The Clint Eastwood Interview
Q: How far back does your association with Warner Bros. go?
A: In 1970 they asked me to do Dirty Harry and we made it in 1971. I was still at Universal at the time, making pictures for them, but I’d go back and do a sequel every now and then for Dirty Harry. So after about the third or fourth sequel I remember I had a western called The Outlaw Josey Wales and I remember I liked the story very much and I called up Warners and I said ‘look, I’d like to do that, and I’ll move over there if you want me to..’ So I did. And that was the first picture I did when I actually moved on to the Lot and I stayed there ever since.
Q: Dirty Harry is about to be re-launched on DVD. Do you watch DVDs? Do you have one in your house?
A: I have a crystal set (laughs). No, I have a DVD. I’ve been active with Warner Bros. and a lot of the studios in trying to keep DVDs in the same format. DVDs are great and if you have a favourite movie, whether it’s a Harry or some other favourite film, and you can have it in your house without taking up very much space at all.
Q: Do you think that the Dirty Harry series could have been made by another studio? Because at the time they seemed very much to fit in with the Warner Bros. ethos.
A: Yeah it could have been. Originally when it was offered to me at first I was working at Universal. And I told Universal yes, I would do the project if they could buy the script. But they promptly went out and blew the sale so they didn’t get the script so it ended up through a long circle of events at Warner Bros. and Warners came to me again and I was familiar with the material. So it could have been made at Universal and it would have been made in the same way, because it was Don Siegel (director) but whether it would have been handled as well I don’t know. I remember one of the reasons I moved over to Warner Bros at that time was because a fellow named Dick Ledderer was the head of promotions and sales and marketing and he was kind of brilliant. He was the inspiration for the film, he loved the film and he went out and marketed it in such an aggressive way and an imaginative way so that’s why I stayed at Warners, because of him.
Q: Do you ever watch your own films? And if so, what picture do you like the best?
A: I don’t do that too much because I’ve made so many films. If I go back and start watching myself I’d grow up again. The last film I watched that I was involved with was The Outlaw Josey Wales because they’d made a new print of it and they’d put it through a digital process with 5.1 sound. I was going to watch for five minutes and I ended up watching all of it. But my wife had never seen Dirty Harry and she was broadcasting with the NBC affiliate in Monterey County and the fellows in the newsroom would always say to her ‘you haven’t seen Dirty Harry and you’re going out with Clint Eastwood’ and she’d say ‘no, I’ve seen a lot of his films but not that one..’ and they said ‘well, you don’t know what it’s about..’ So one day I put it on for her and that’s the last one I watched and she loved it. Anyway, it was some sort of verification because we’re still married..(laughs).
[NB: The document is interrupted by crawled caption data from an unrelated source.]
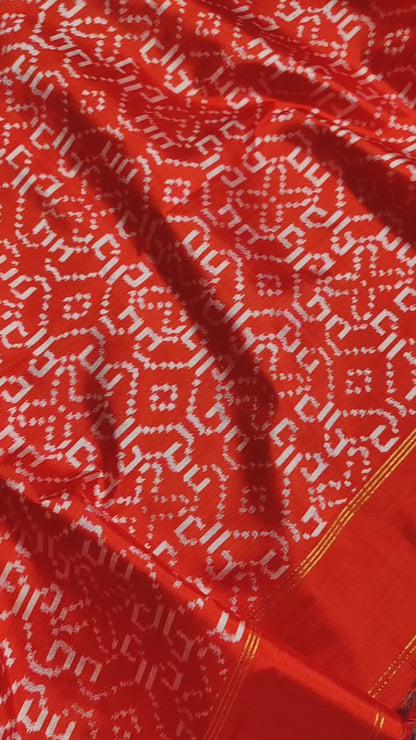 YELLOW RED BLACK SILK PURE HANDLOOM IKKAT SAREE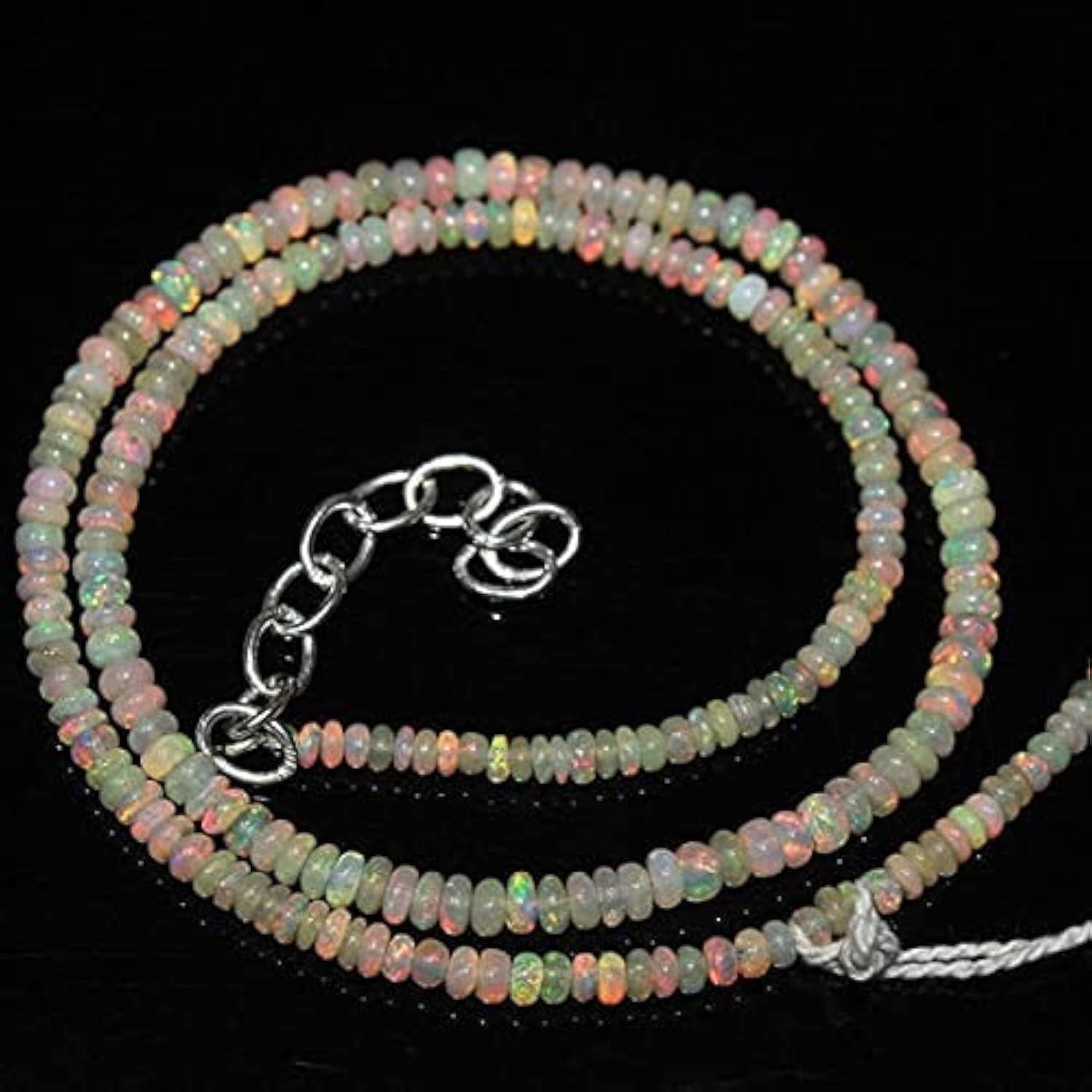 Opale de feu éthiopienne en perles rondelles lisses 3-4mm pour un collier cadeau personnalisé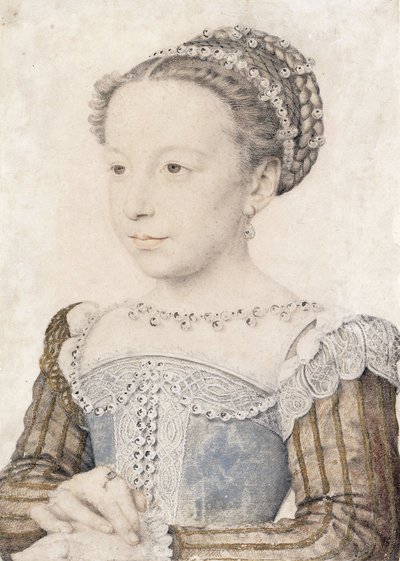 ヴァロワ1553-1615のマーガレットの肖像、1559年頃 作： François Clouet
Q: Is there one period of filmmaking you particularly like?
A: For me particularly it’s right now. The recent films I’ve done are the ones I remember the most and because I’m doing more variety now than I did I wasn’t hung up on any particular genre like maybe I was forty or fifty years ago. So I’m happy now and I guess I’m living in the present more than in the past.
Q: Would you ever pick up a Magnum and play Dirty Harry again?
A: You know I would go out to a range and target shoot with somebody but I don’t think the San Francisco Police Department would have a 77 year old man on the police force so it would be highly unrealistic. People have asked me over the years ‘would you like to re-visit Dirty Harry?’ and everything would have depended on a script. But, really, no, there’s a time to leave things alone – you do a few sequels and have a good time with it, but my brain is in another place right now. But I love looking back on it.
Q: When you got involved with Dirty Harry did you know immediately that it was going to be special?
A: Obviously I felt that way because I went ahead and did the project. I felt there was something that would make an exciting police drama. Yeah, I felt there was something there. On every picture I’ve ever done I’ve felt instinctively that there was something worth telling but whatever height they reach as far as public appreciation is strictly up to the public and sometimes they haven’t been appreciated as much and sometimes they are appreciated more than you expect. That part of it is a crapshoot. But I’m not a judge of that – you only do the best you can and then it’s up to someone else to make the judgement on it by going to see it or not going to see it.